**DATA EXTRACT**
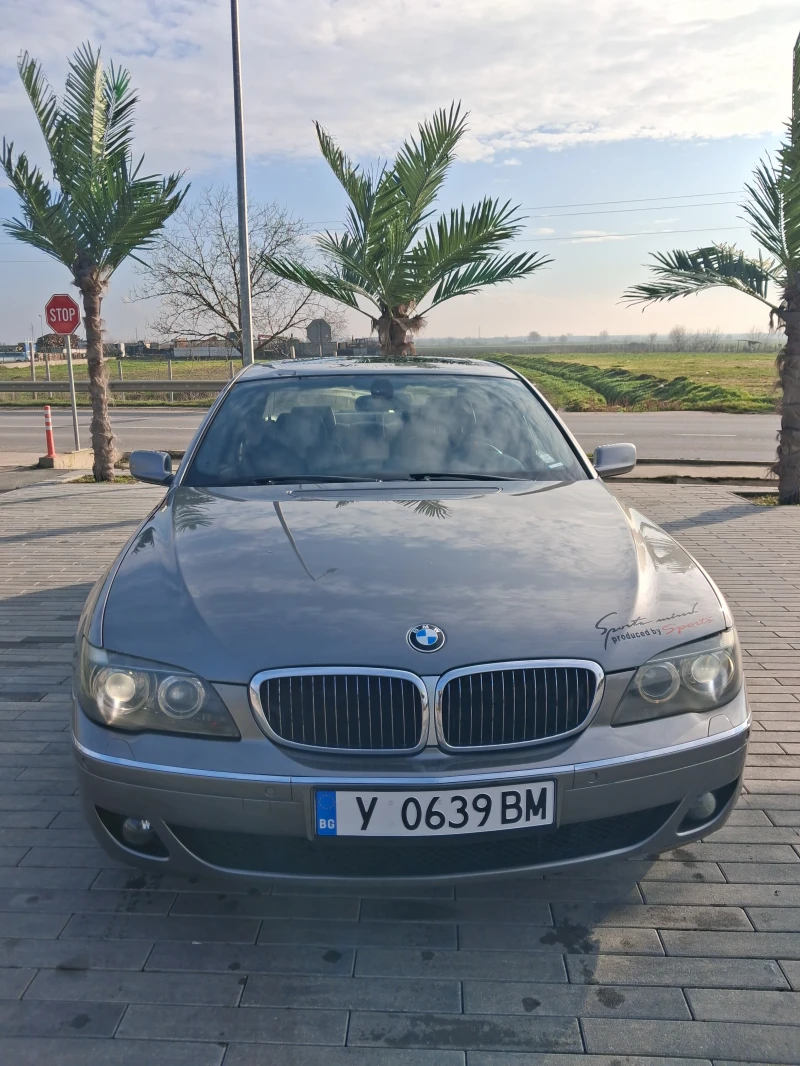BMW 730 REIHE, снимка 2 - Автомобили и джипове - 53444125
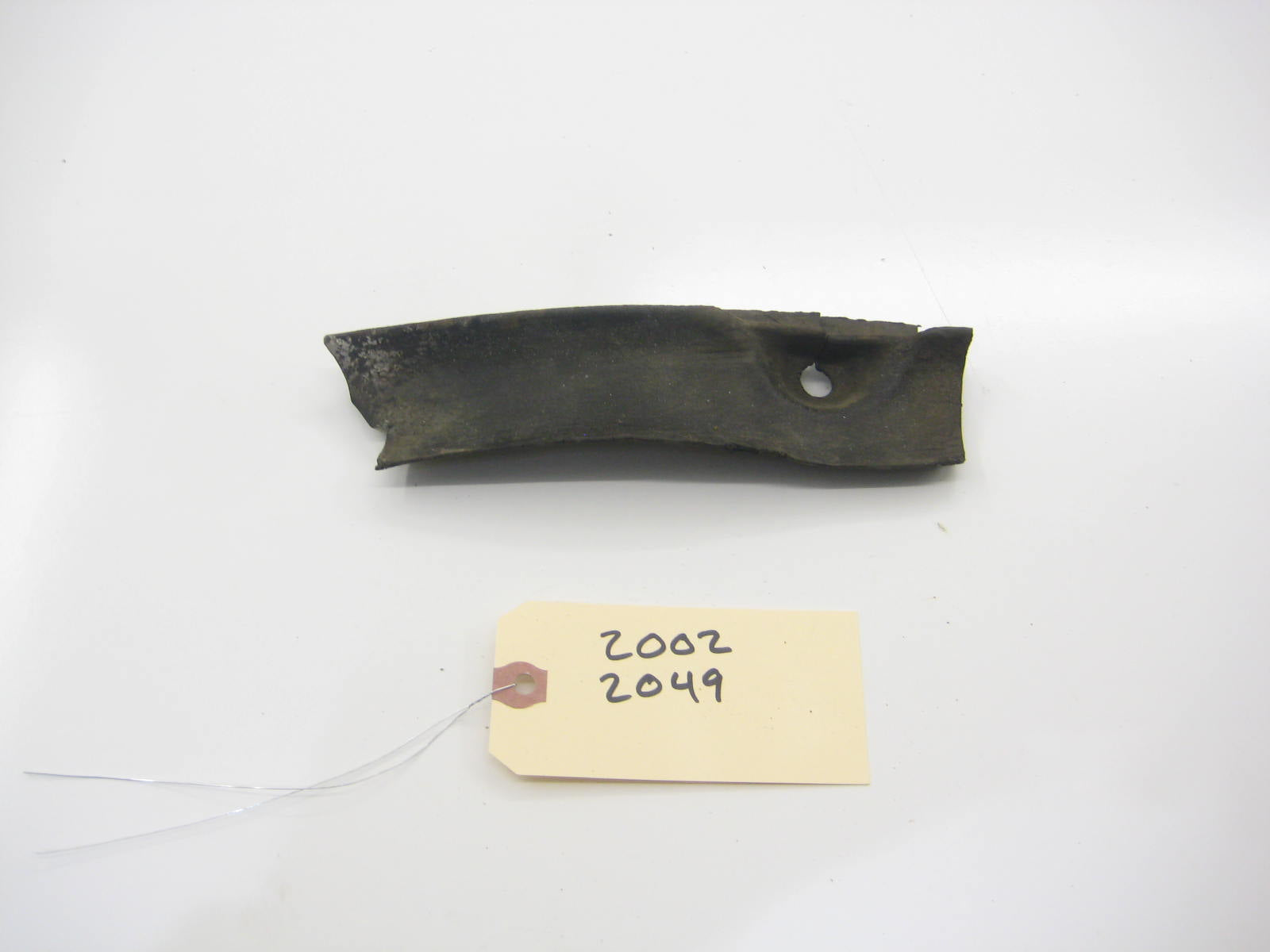 Hood Side Seal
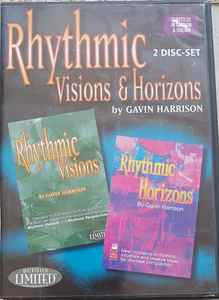 Gavin Harrison – Rhythmic Visions & Horizons (2007, DVD) - Discogs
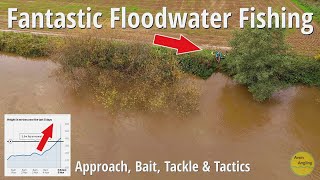 Fantastic Floodwater Fishing - Approach, Bait, Tackle & Tactics - 51125 Video 610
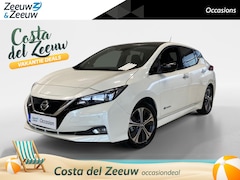 Nissan LEAF - TEKNA | 40 KWH | TREKHAAK | DEALERONDERHOUDEN |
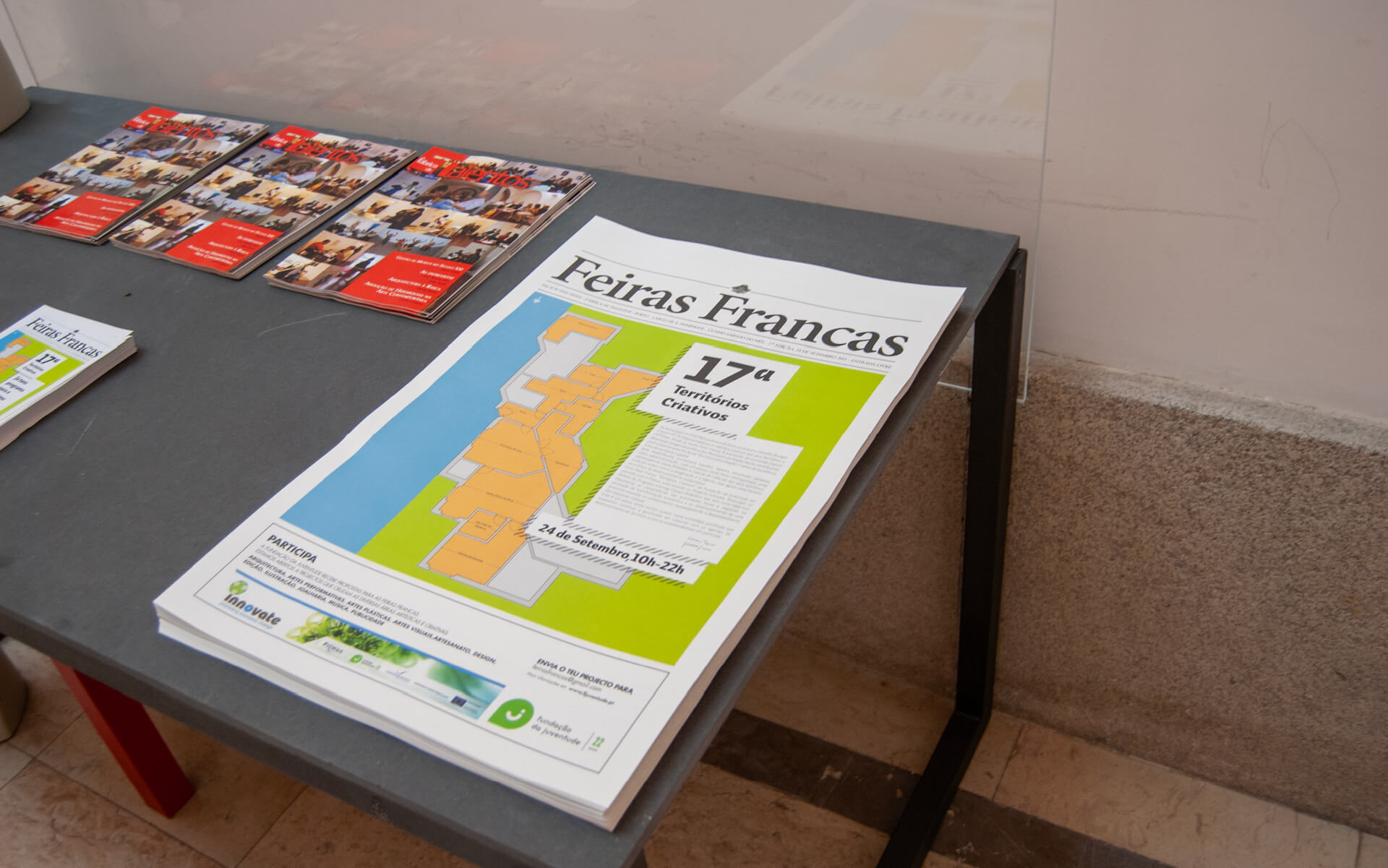 Feira Francas Newspaper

**WHAT YOU NEED TO DO**
No pictures belong in the answer. It must repeat exactly the lines from the line with "Nissan LEAF - TEKNA" through the final line of the records.

**SOLUTION BELOW**
 Nissan LEAF - TEKNA | 40 KWH | TREKHAAK | DEALERONDERHOUDEN |
 Feira Francas Newspaper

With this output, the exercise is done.